Visit any vendor's Website and you'll likely find a white paper or two devoted to ROI issues. One such document from LMS provider Plateau Systems seeks to help the training manager sell the Plateau enterprise system to senior managers in a language they understand. It carefully explains the short- and long-term, as well as strategic and individual benefits, and offers formulas to measure them.

And there is plenty to learn.

"Suddenly, the conversation on ROI is changing," says Brenda Benedet, director of e-learning strategies for SkillSoft and a principal leader of its ROT workshops. "In the past, organizations merely looked at cost-savings and benefits from an e-learning perspective. Today, as they position e-learning as a strategic and majority element of blended learning, they're also looking for more tangible returns that relate to the business--performance changes as well as the business impact." Adds Benedet, "Gone are days when at the end of the year, organizations were content to report x amount of e-learning usage. Today, they must know if it made a difference. Hence, an interest in ROT and multilevel measurement.

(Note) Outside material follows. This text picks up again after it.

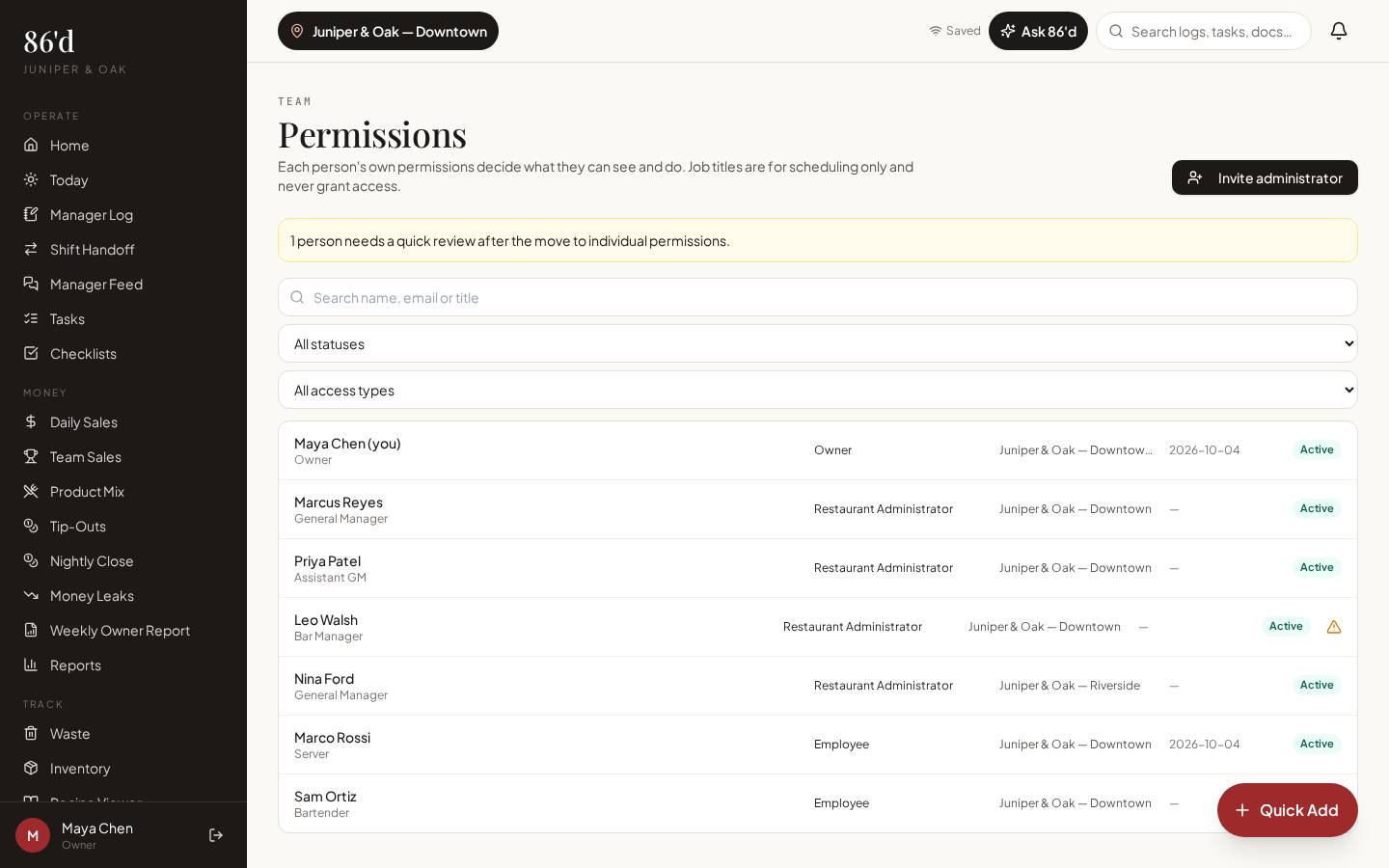 Permissions page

Benedet says e-learning ROT is a vitally important topic within companies and training departments face challenges in making it relevant. "Historically, learning professionals were good at determining cost-effectiveness and delivering that story based on utilization. But as e-learning addresses business problems, they need to look at actual impact. We see content now addressing specific kinds of business solutions, such as call center training, sales training, IT certification, and leadership. Those are strategic issues."

Companies can measure performance and business impact more aggressively by looking at the learning solution in terms of the potential business impact and potential ROI, says Benedet. She believes it's important that when conducting ROI of e-learning, corporate trainers ensure they have appropriate stakeholders within the organization on board. "It's important to remember that learning professionals don't own the business problem or the data for measurement, so they must be a partner with the unit. They must understand what that unit's business needs are, as well as the objectives that the unit is being directed to deliver that year.